Reputation: 827
I have a dataframe with 3 columns, GP, LL, and QN:
GP LL QN
-------------------------
0 A0001 AA NaN
1 A0001 BB 3.0
2 A0001 CC 5.0
3 A0001 DD 14.0
4 A0001 EE NaN
... ... ... ...
Each GP value repeats for a series of records, with different values of LL for each GP. Each LL value has an individual numeric value in QN, some of which may be NaN. The values in LL may repeat across different values of GP, but do not repeat for the same value of GP. Each GP does not necessarily have the same values for LL as other values of GP, though some may.

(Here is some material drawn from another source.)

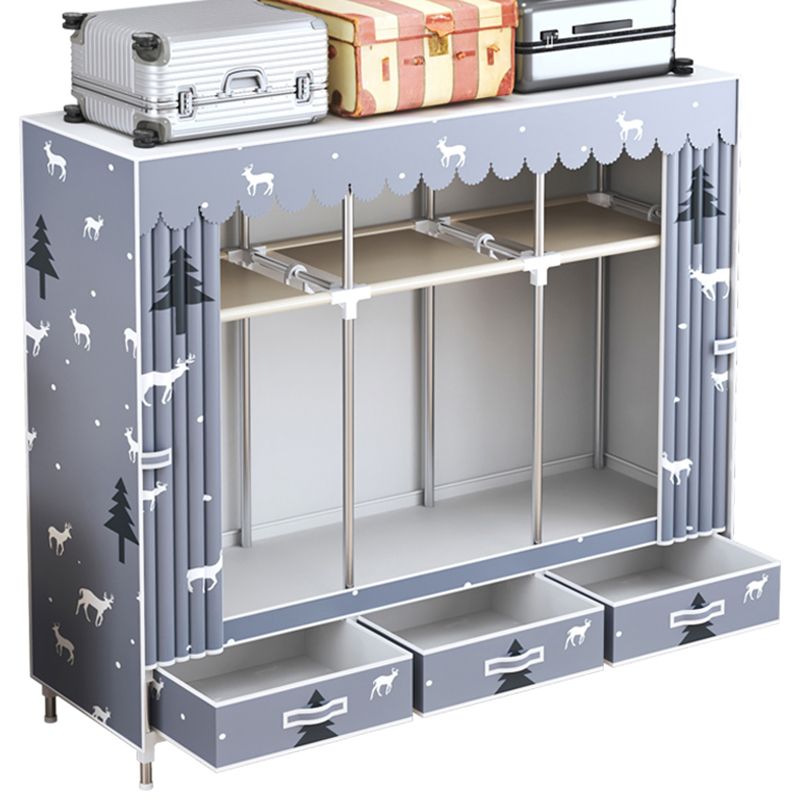 Modern Style Wardrobe Armoire Silver Steel Frame Wardrobe with Drawer Clearhalo 'Armoires & Wardrobes' 'armoires_wardrobes' 'Bedroom Furniture' 'furn' 'furn_armoires_wardrobes' 'Furniture' 1200x1200_ac65d7cf-6624-4390-88ca-f1684046fd02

I want to write a function which takes as an input a value of LL and returns a copy of the data frame with a new column, SM. The values for each row in this would be the cumsum of the values in QN from that row +1, down to the input value of LL.
So for example if the input to this function was "DD", using some of the records above, you might get a result like:
GP LL QN SM
----------------------------
0 A0001 AA NaN 22.0
1 A0001 BB 3.0 19.0
2 A0001 CC 5.0 14.0
3 A0001 DD 14.0 0.0
4 A0001 EE NaN -8.0
... ... ... ...
Struggling to find a way to accomplish this, short some really inefficient uses of apply.
Upvotes: 1
Views: 282
Reputation: 862911
If need reverse cumulative sum with shifting per groups use:
print (df)
GP LL QN
0 A0001 AA NaN
1 A0001 BB 3.0
2 A0001 CC 5.0
3 A0001 DD 14.0
4 A0001 EE NaN
5 A0001 CC 2.0
6 A0001 DD 3.0
7 A0001 EE 8.0
8 A0001 FF 4.0
val = 'DD'
#reverse all rows
df1 = df.iloc[::-1]
#create groups by compare val
g = df1['LL'].eq(val).groupby(df1['GP']).cumsum()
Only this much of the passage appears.